=== Task item ===
Could every line below be transcribed exactly, with the pictures dropped?

Segment Start: Collected material

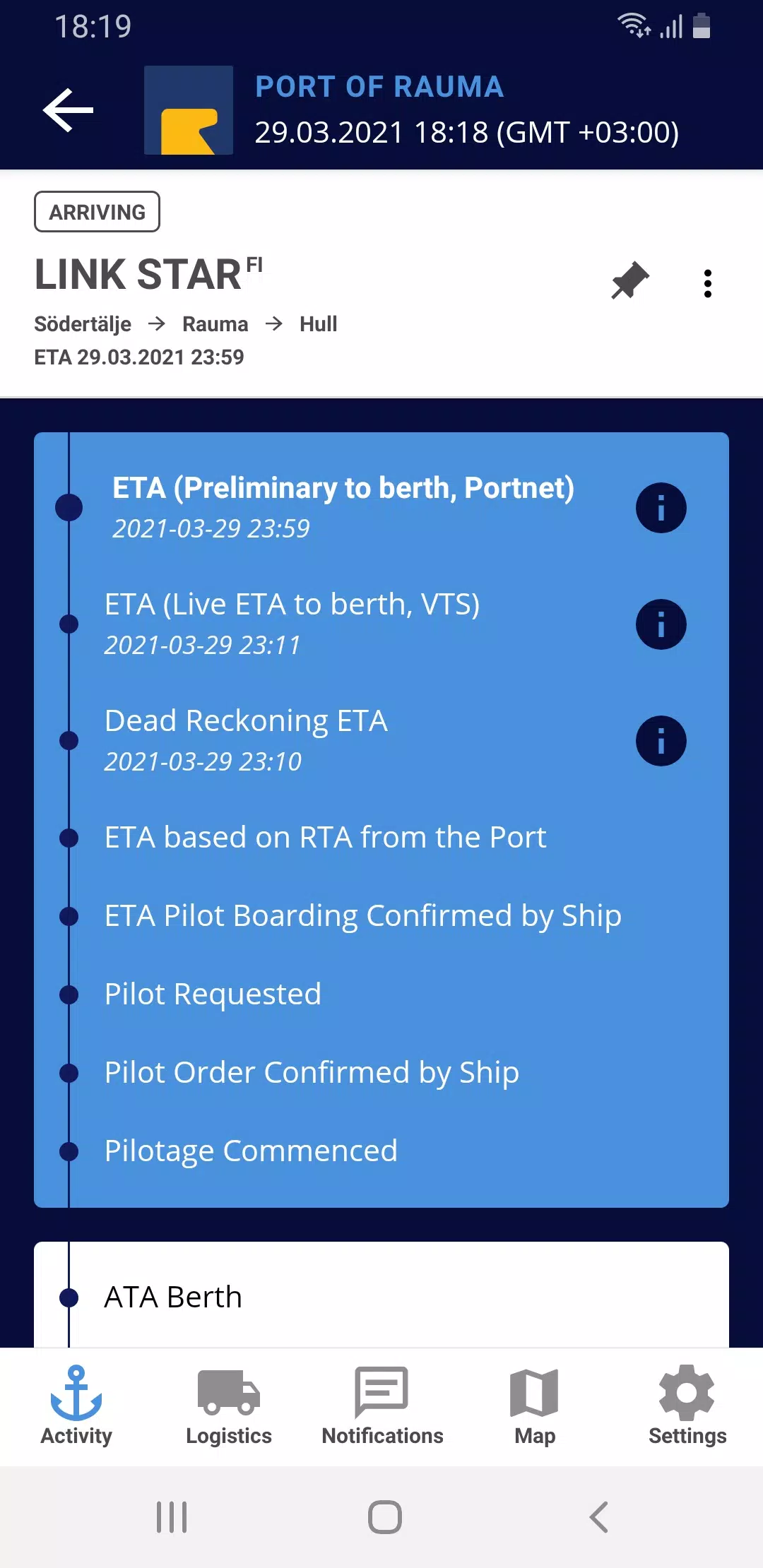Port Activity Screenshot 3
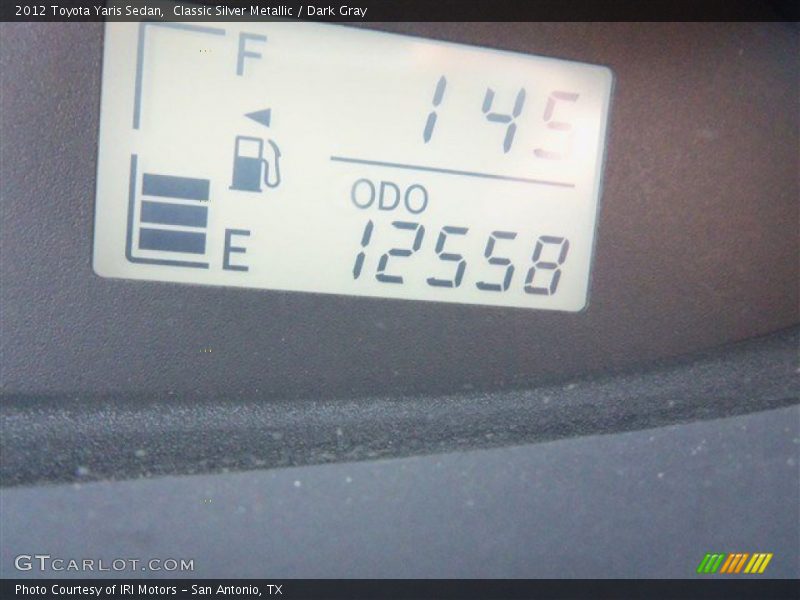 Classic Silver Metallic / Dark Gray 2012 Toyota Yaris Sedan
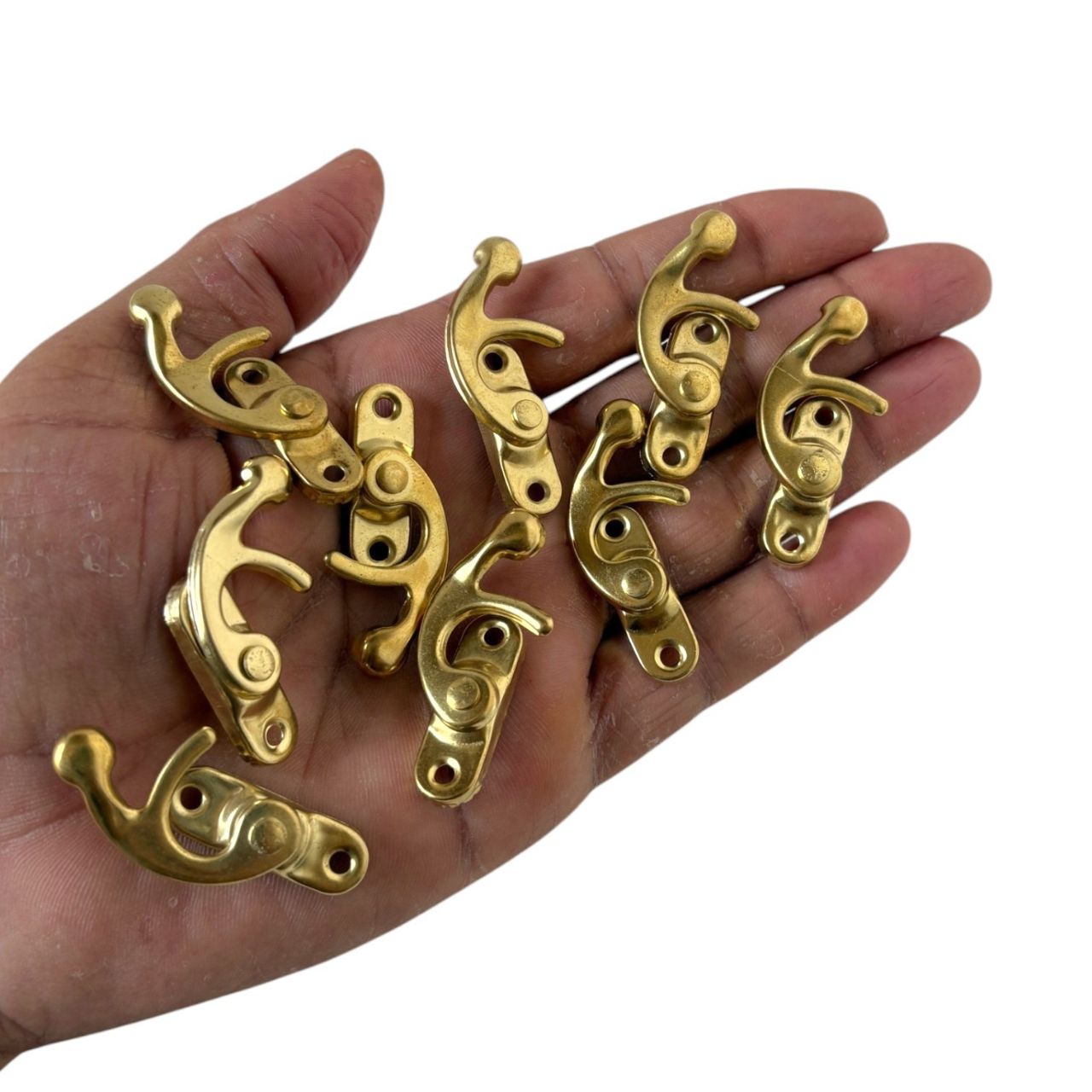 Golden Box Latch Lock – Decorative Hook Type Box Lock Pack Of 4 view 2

Segment End: Collected material

=== Solution ===
Port Activity Screenshot 3
 Classic Silver Metallic / Dark Gray 2012 Toyota Yaris Sedan
 Golden Box Latch Lock – Decorative Hook Type Box Lock Pack Of 4 view 2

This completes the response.